→ TO DO
From the data that follows, set down exactly the lines from the one with "Trellis Appliance Pull-1255091617-1255091626" through the one with "QQ图片20210321123255", counting both. Pictures stay out.

→ Captioned web image data
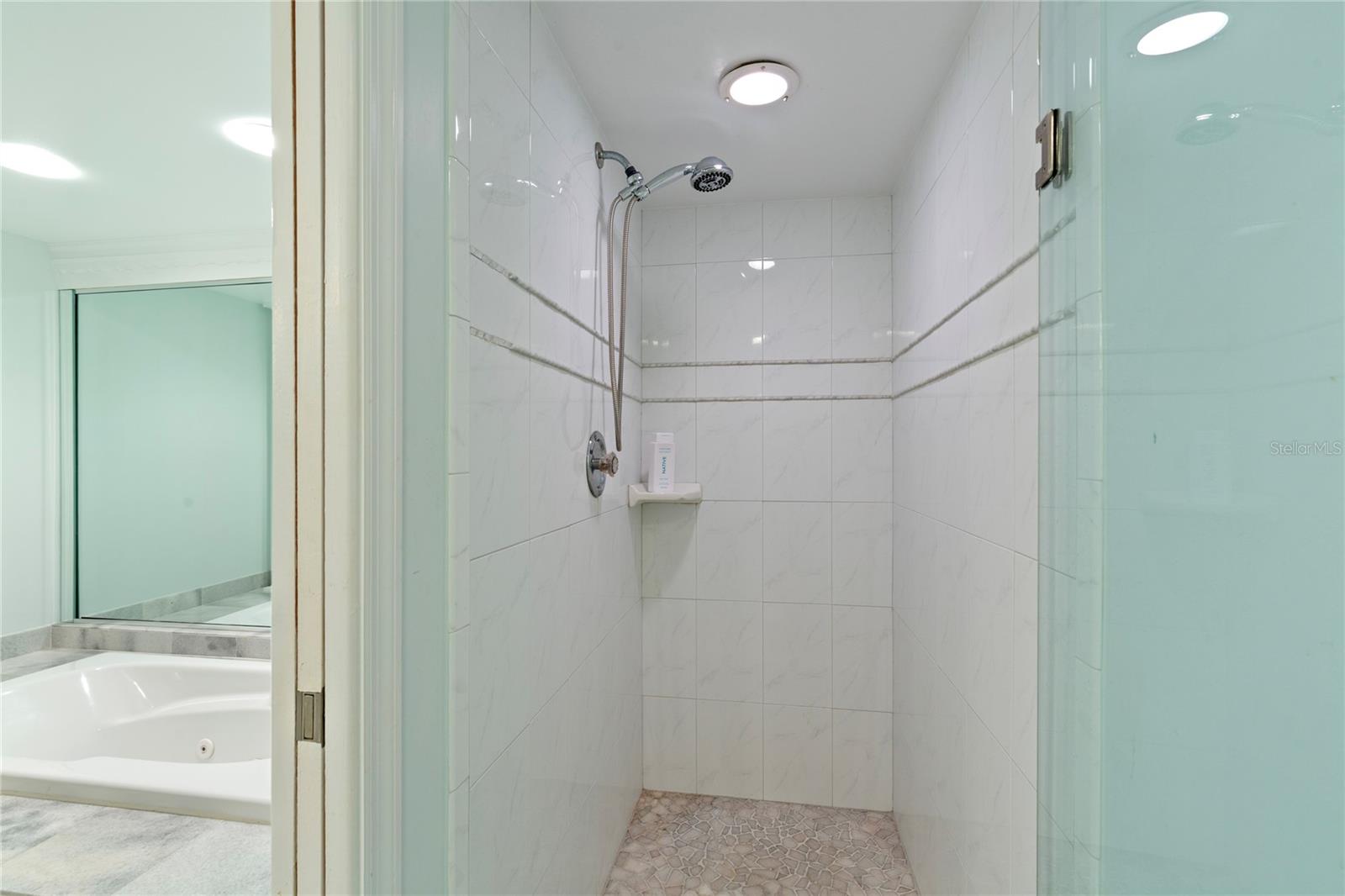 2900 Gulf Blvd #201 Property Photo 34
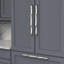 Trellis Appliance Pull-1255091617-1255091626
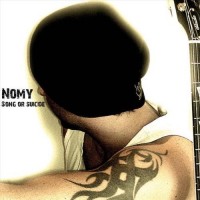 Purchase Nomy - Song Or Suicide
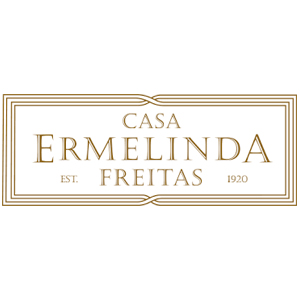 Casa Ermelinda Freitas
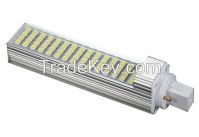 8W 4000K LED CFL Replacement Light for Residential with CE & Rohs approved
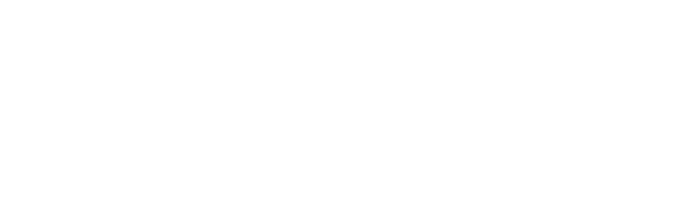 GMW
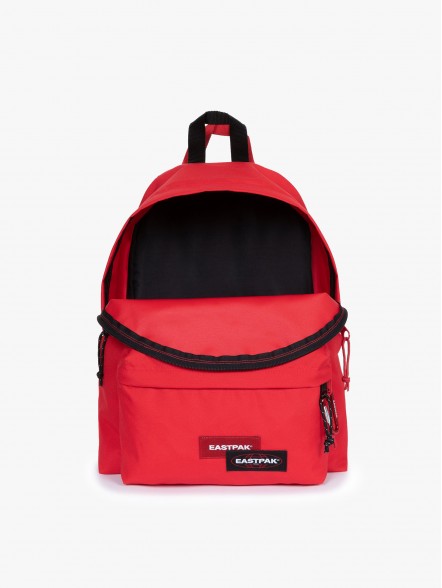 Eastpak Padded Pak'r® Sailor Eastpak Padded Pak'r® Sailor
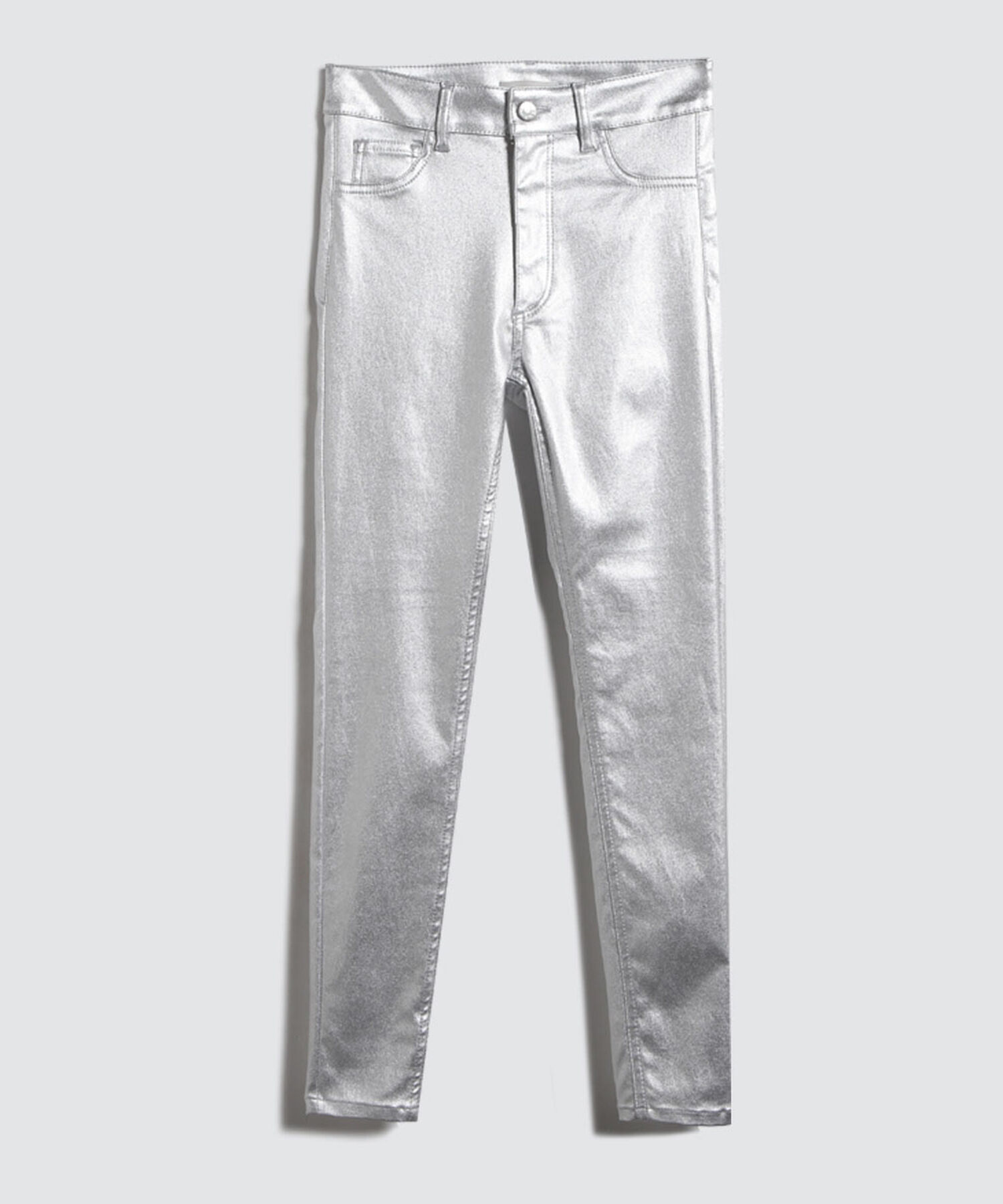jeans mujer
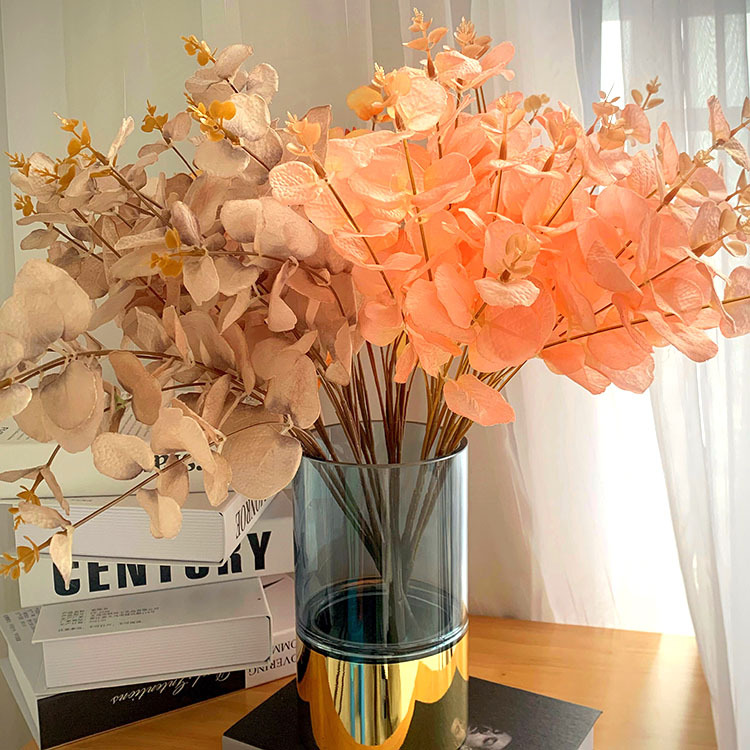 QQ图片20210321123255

...

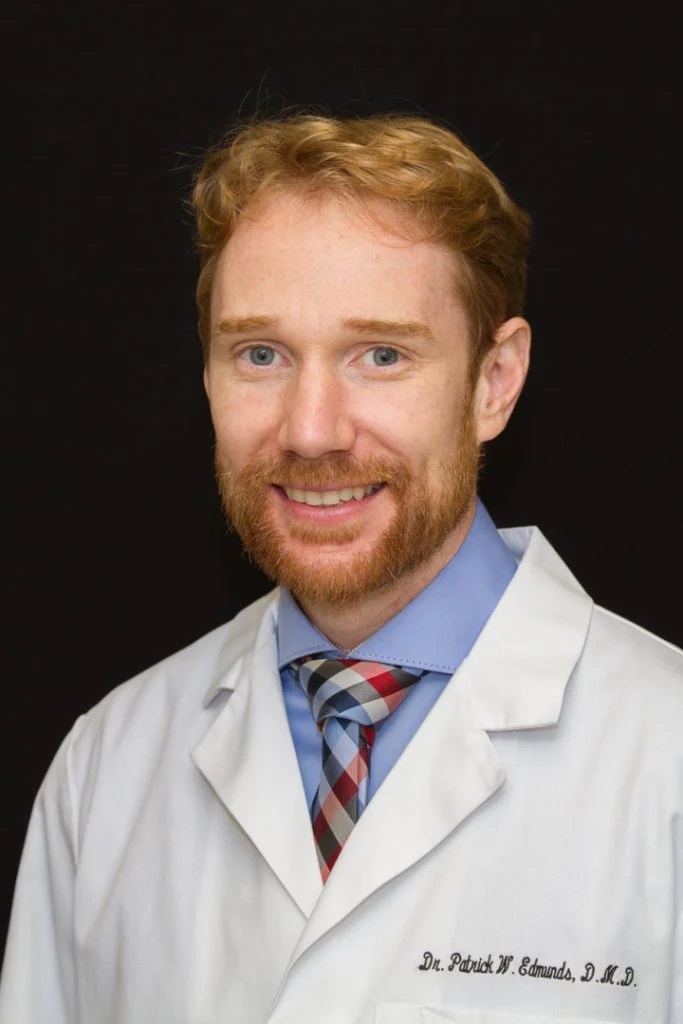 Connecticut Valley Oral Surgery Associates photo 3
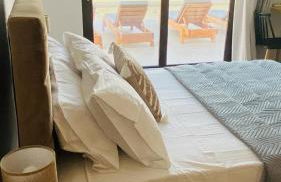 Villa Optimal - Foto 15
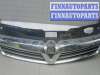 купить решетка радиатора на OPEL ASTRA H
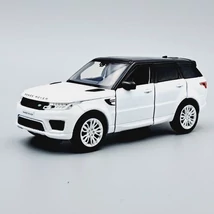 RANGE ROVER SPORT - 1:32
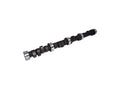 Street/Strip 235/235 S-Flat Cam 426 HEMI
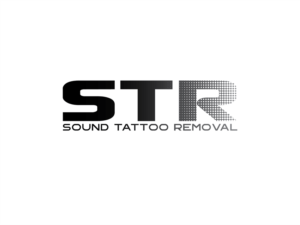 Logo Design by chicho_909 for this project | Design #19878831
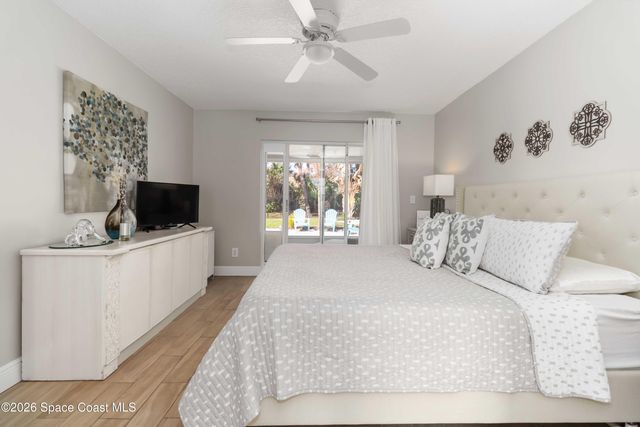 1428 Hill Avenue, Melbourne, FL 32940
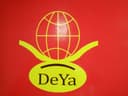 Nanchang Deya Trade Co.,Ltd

* * *

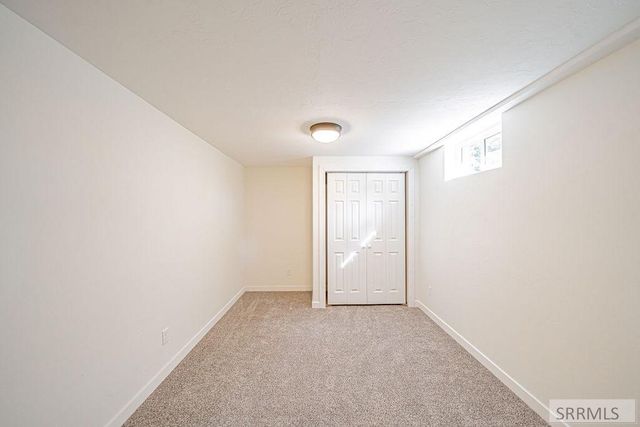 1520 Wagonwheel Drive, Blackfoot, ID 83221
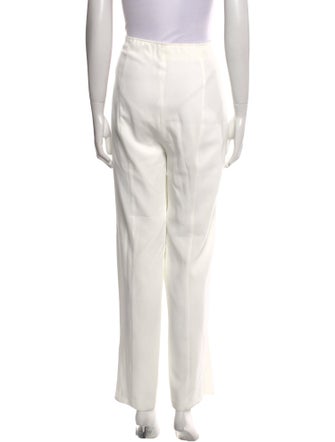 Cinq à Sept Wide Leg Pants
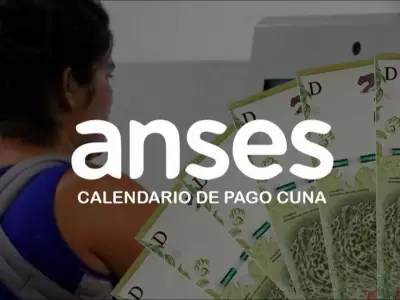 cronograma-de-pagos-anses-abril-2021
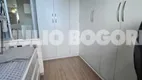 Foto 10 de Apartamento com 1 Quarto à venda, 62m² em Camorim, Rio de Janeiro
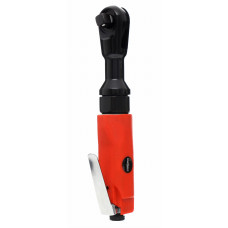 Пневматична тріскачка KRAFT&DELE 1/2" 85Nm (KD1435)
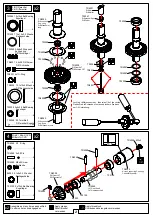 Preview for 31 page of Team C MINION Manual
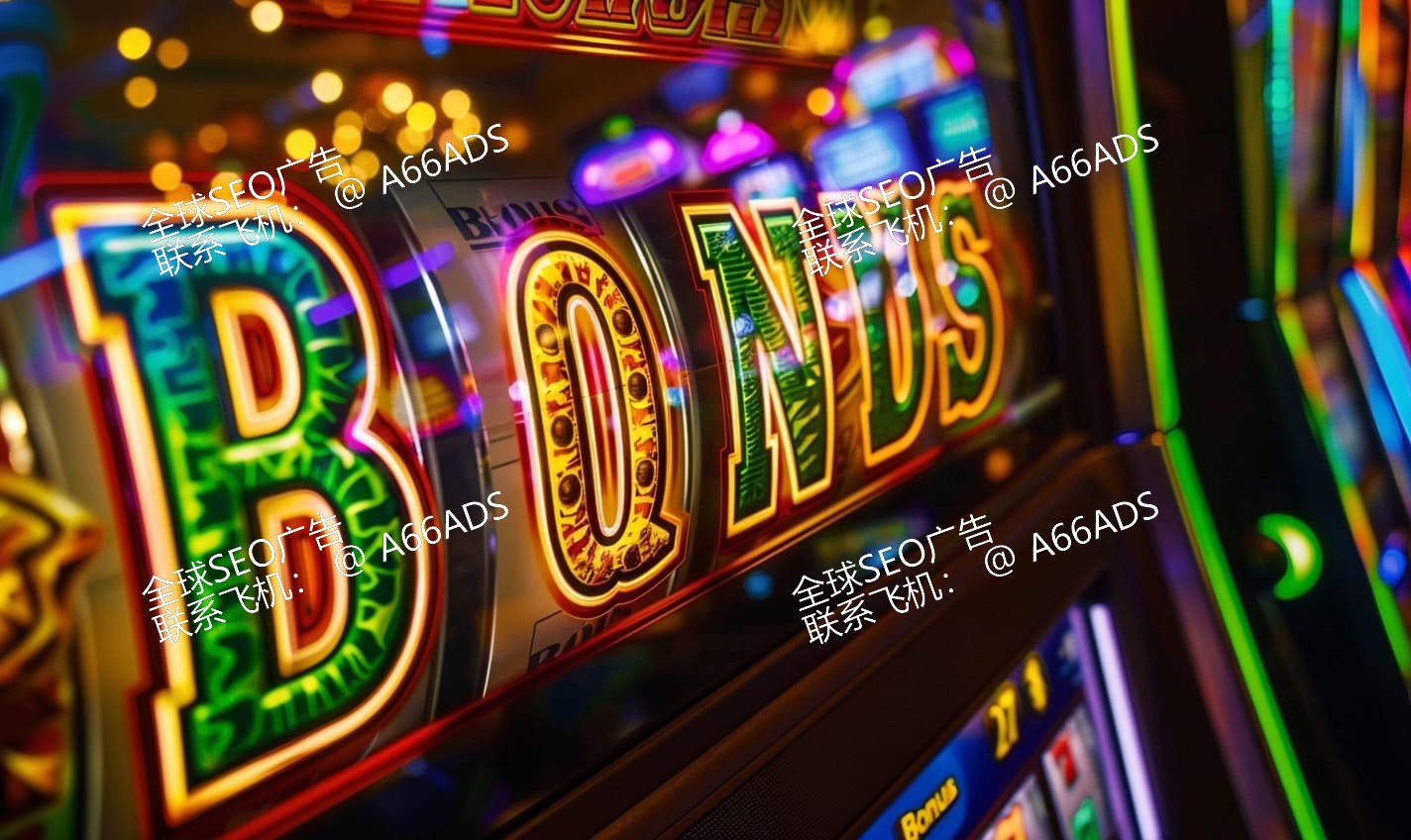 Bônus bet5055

→ WRITTEN RESPONSE
 Trellis Appliance Pull-1255091617-1255091626
 Purchase Nomy - Song Or Suicide
 Casa Ermelinda Freitas
 8W 4000K LED CFL Replacement Light for Residential with CE & Rohs approved
 GMW
 Eastpak Padded Pak'r® Sailor Eastpak Padded Pak'r® Sailor
jeans mujer
 QQ图片20210321123255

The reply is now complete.